==== Records for the exercise
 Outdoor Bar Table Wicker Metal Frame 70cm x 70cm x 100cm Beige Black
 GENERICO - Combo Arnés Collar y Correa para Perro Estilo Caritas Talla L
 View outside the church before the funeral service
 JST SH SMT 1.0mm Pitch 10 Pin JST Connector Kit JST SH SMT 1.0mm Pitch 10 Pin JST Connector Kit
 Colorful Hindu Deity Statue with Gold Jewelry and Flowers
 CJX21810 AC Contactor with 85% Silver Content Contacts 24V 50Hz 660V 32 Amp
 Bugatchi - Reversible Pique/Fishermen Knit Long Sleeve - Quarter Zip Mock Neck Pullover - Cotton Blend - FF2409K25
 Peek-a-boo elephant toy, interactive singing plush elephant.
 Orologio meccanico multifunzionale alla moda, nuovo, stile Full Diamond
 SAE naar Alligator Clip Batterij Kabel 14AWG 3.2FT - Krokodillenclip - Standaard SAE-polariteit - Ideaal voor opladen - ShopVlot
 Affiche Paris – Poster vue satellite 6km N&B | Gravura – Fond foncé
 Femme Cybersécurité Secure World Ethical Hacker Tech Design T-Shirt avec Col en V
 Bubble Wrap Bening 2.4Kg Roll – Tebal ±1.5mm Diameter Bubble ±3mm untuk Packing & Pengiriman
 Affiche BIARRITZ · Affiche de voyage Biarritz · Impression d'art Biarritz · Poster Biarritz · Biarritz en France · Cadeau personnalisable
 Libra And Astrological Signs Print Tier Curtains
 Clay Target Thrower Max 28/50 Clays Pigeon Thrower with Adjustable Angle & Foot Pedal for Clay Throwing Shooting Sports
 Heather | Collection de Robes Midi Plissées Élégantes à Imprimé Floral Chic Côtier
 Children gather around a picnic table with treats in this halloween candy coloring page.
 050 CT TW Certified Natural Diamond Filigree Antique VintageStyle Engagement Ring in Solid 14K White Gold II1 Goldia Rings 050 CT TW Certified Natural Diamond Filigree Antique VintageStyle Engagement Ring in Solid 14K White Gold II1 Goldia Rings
========
• _Exercise goal_
Word for word, copy out all the data given above.

• _Exercise result_
 Outdoor Bar Table Wicker Metal Frame 70cm x 70cm x 100cm Beige Black
 GENERICO - Combo Arnés Collar y Correa para Perro Estilo Caritas Talla L
 View outside the church before the funeral service
 JST SH SMT 1.0mm Pitch 10 Pin JST Connector Kit JST SH SMT 1.0mm Pitch 10 Pin JST Connector Kit
 Colorful Hindu Deity Statue with Gold Jewelry and Flowers
 CJX21810 AC Contactor with 85% Silver Content Contacts 24V 50Hz 660V 32 Amp
 Bugatchi - Reversible Pique/Fishermen Knit Long Sleeve - Quarter Zip Mock Neck Pullover - Cotton Blend - FF2409K25
 Peek-a-boo elephant toy, interactive singing plush elephant.
 Orologio meccanico multifunzionale alla moda, nuovo, stile Full Diamond
 SAE naar Alligator Clip Batterij Kabel 14AWG 3.2FT - Krokodillenclip - Standaard SAE-polariteit - Ideaal voor opladen - ShopVlot
 Affiche Paris – Poster vue satellite 6km N&B | Gravura – Fond foncé
 Femme Cybersécurité Secure World Ethical Hacker Tech Design T-Shirt avec Col en V
 Bubble Wrap Bening 2.4Kg Roll – Tebal ±1.5mm Diameter Bubble ±3mm untuk Packing & Pengiriman
 Affiche BIARRITZ · Affiche de voyage Biarritz · Impression d'art Biarritz · Poster Biarritz · Biarritz en France · Cadeau personnalisable
 Libra And Astrological Signs Print Tier Curtains
 Clay Target Thrower Max 28/50 Clays Pigeon Thrower with Adjustable Angle & Foot Pedal for Clay Throwing Shooting Sports
 Heather | Collection de Robes Midi Plissées Élégantes à Imprimé Floral Chic Côtier
 Children gather around a picnic table with treats in this halloween candy coloring page.
 050 CT TW Certified Natural Diamond Filigree Antique VintageStyle Engagement Ring in Solid 14K White Gold II1 Goldia Rings 050 CT TW Certified Natural Diamond Filigree Antique VintageStyle Engagement Ring in Solid 14K White Gold II1 Goldia Rings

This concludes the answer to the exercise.